L’Amérique est envahie. Ils sont là tous, mes chers et fidèles amis. Ils ont accompagné mon jeune fils Maurice. Ah ! l’heure délicieuse ! Les réponses devancent les questions. Les rires sont mouillés de larmes. On se presse les mains. On s’embrasse. On recommence ; et on n’est jamais las de cette redite de tendresse. Pendant ce temps, notre bateau file.

Le Diamant a disparu, emportant la poste. Mais plus nous avançons, plus la mer se sillonne de petits bateaux pavoisés. Il y en a cent. En voici plus encore.

« C’est donc jour férié ? demandai-je à Georges Boyer, correspondant du Figaro et venu avec les amis au-devant de moi. — Mais oui, Madame, grand jour de fête aujourd’hui au Havre, car on attend le retour d’une fée qui est partie depuis sept mois. »
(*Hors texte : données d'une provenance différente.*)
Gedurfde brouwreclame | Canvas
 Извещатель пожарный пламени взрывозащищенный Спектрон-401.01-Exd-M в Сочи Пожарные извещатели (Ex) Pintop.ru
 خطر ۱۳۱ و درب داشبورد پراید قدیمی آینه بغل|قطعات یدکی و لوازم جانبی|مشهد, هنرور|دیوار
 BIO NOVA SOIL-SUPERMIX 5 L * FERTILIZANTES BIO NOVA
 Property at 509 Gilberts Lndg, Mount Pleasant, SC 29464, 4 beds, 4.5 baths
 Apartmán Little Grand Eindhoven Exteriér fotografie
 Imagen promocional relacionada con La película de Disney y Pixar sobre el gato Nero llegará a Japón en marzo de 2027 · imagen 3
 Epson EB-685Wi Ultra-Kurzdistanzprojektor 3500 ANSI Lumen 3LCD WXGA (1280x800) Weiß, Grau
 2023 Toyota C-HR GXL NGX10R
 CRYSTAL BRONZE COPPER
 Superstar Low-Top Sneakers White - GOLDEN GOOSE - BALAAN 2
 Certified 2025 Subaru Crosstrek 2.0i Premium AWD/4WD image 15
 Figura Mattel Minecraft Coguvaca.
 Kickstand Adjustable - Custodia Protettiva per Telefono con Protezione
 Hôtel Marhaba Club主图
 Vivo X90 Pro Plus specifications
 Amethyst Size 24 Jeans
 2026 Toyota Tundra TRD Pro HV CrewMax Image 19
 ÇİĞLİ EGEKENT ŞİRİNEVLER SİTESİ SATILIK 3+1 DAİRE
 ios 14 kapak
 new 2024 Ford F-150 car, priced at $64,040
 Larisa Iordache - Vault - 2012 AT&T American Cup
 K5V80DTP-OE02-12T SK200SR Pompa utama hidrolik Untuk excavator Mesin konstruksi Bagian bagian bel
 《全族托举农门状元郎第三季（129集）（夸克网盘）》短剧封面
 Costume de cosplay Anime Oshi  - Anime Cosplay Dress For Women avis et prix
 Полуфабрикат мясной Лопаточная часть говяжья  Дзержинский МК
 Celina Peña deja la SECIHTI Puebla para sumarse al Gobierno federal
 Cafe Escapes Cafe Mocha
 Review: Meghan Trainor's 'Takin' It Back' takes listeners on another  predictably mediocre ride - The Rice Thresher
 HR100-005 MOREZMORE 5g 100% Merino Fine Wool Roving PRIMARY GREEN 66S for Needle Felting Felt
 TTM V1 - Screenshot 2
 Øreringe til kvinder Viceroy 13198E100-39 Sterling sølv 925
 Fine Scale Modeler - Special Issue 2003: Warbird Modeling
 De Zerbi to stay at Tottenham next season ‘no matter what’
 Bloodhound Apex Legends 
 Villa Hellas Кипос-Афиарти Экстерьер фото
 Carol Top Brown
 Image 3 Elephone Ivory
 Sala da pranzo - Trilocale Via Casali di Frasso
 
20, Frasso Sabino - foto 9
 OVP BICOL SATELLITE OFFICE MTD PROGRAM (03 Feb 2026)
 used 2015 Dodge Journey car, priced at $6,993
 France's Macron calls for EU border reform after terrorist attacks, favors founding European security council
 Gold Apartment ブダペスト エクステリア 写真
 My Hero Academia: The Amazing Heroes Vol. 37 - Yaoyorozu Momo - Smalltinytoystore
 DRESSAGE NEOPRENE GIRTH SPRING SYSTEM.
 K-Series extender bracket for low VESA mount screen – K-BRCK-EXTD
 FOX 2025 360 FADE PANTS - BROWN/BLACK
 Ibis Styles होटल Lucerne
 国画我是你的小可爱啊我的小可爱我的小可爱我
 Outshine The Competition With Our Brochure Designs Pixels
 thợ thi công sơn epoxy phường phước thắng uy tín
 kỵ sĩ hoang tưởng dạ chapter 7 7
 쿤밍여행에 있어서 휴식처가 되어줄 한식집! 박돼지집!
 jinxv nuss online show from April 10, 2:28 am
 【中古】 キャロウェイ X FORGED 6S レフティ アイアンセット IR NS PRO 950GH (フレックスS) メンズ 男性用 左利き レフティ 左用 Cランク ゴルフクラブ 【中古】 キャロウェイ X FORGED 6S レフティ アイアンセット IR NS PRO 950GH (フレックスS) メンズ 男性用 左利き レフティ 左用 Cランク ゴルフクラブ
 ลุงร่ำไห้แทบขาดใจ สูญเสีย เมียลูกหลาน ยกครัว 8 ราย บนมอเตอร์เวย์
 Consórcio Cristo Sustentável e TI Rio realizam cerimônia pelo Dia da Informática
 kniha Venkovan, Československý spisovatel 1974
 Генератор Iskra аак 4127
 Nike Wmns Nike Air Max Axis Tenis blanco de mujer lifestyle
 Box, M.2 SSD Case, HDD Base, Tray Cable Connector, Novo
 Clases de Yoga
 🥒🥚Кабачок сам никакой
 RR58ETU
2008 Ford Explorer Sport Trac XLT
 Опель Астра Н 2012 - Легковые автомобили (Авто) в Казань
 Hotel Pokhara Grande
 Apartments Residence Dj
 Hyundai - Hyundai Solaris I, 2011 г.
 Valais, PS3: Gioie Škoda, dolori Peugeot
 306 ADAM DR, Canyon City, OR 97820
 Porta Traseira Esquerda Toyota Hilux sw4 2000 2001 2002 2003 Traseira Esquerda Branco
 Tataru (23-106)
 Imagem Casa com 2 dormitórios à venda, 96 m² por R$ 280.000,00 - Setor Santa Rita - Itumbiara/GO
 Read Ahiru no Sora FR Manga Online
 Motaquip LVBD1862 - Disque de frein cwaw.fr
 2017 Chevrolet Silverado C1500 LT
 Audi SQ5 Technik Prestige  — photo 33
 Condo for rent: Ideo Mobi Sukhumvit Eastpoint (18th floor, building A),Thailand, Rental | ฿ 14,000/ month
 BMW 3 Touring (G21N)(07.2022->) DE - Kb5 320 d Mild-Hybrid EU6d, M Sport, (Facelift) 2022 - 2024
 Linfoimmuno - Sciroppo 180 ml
« C’est vraiment pour me fêter que toutes ces jolies barques ont développé leurs ailes et pavoisé leurs mâts ? Ah ! que je suis heureuse ! »

À ce moment, nous entrons dans la jetée. Il y a là peut-être vingt mille personnes qui poussent un seul cri de : « Vive Sarah Bernhardt ! »

Je suis confondue. Je ne m’attendais pas à un retour triomphal. Je sais bien que la représentation donnée pour les sauveteurs m’avait gagné les cœurs des Havrais ; mais j’apprends que des trains bondés sont venus de Paris pour me saluer au retour.

Je me tâte le pouls... je suis bien moi... je ne rêve pas.